We are pleased to make our expertise available for public lectures, opinion pieces, commissioned research, interviews and commentaries on a variety of topics, including, but not limited to:
- Global economic shifts and trends across time
- Wellbeing and patterns of health and progress
- The participation of women in economic life
- Historical and contemporary (in)equality
- Cooperation on local, regional, and international level
- (Neo-)Colonialism, developing economies and exploitation
- Sustainability and environmental history
- The history of industries, companies, and businesses
For more information and who to reach out to, see our contact page.
Below you will find some examples of the diverse array of activities we pursue.

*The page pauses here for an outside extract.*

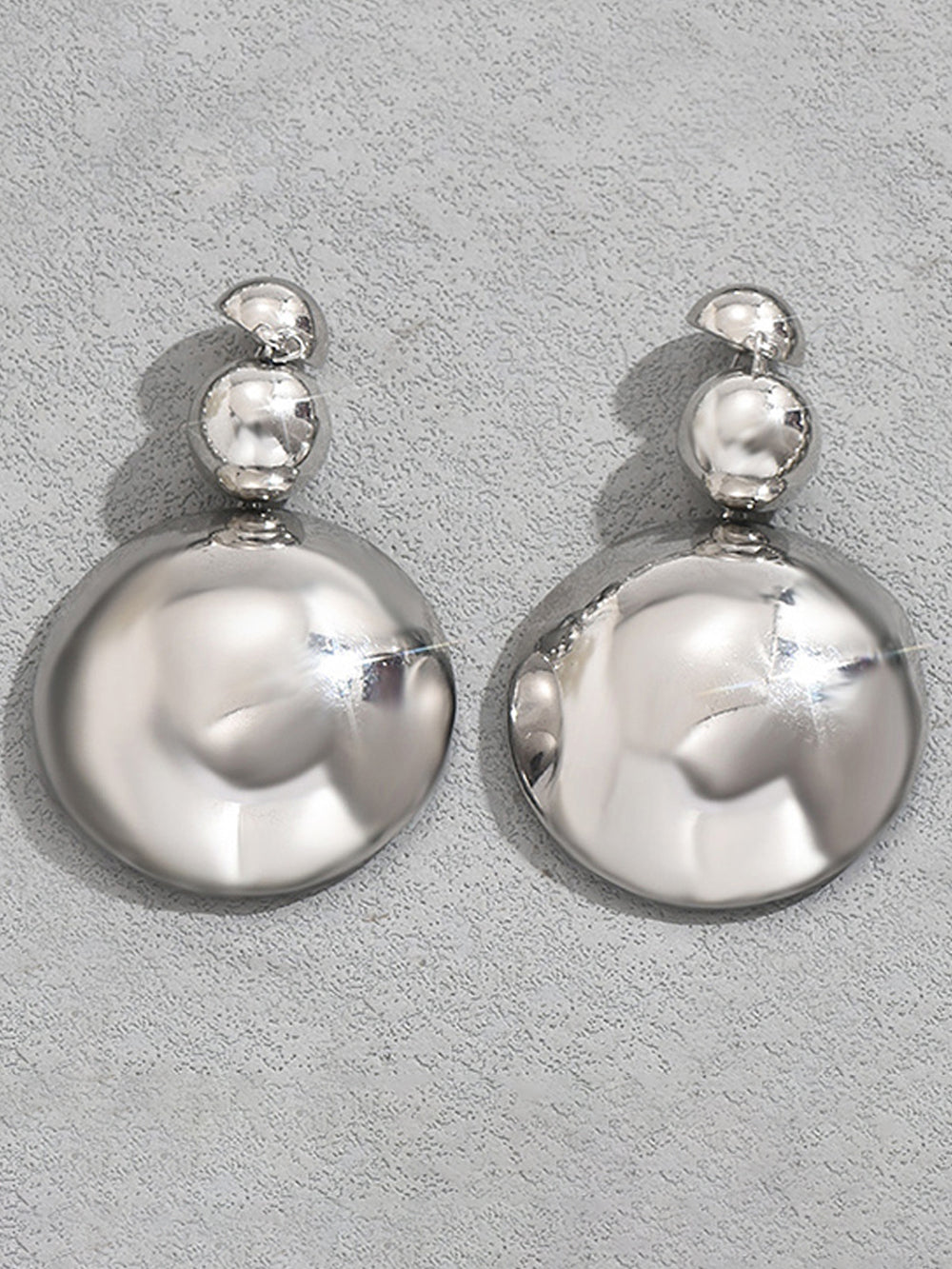 Metal Beaded Necklace Earrings Jewelry Set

In addition to teaching in a classroom setting, we also focus on public lectures as part of our outreach programmes: this includes both one-off lectures and lecture series. Our researchers have given many contributions to the lecture series Big History, a joint production of Utrecht University and Utrecht's Tivoli Vredenburg, in which historical questions are made current and relevant to a broad audience using a wide scope and popular appeal.
We also contribute to several national events: for example, during the 2022 Month of History, Maarten Prak contributed part of a lecture on the 'disaster year' 1673 in Utrecht Dom Church.
More examples of public speeches are Sarah Carmichael's 'Ladies First' at Studium Generale, on gender inequality; Elise van Nederveen Meerkerk's knowledge clip on women and textile production in colonial Java; and Selin Dili in a NIAS panel on the history of entrepeneurship. These, among many others, are opportunities we take to share our expertise.
We are also one of the first destinations for many businesses when they wish to commission historical research. Bram Bouwens’ recent book Welcome aboard! Een eeuw KLM (100 years of KLM Royal Dutch Airlines), analysing the development of KLM from its founding to the present day, and his similar work on the history of Royal Dutch Shell were two of many occasions where we have delved into the past of key global business players.
At Economic and Social History, we know the importance of not only looking at global developments, but zooming in to the micro-level of households and individuals. In this case, citizen science is an invaluable bridge between our department and the wider world; we regularly involve everyday people in our research in a variety of ways.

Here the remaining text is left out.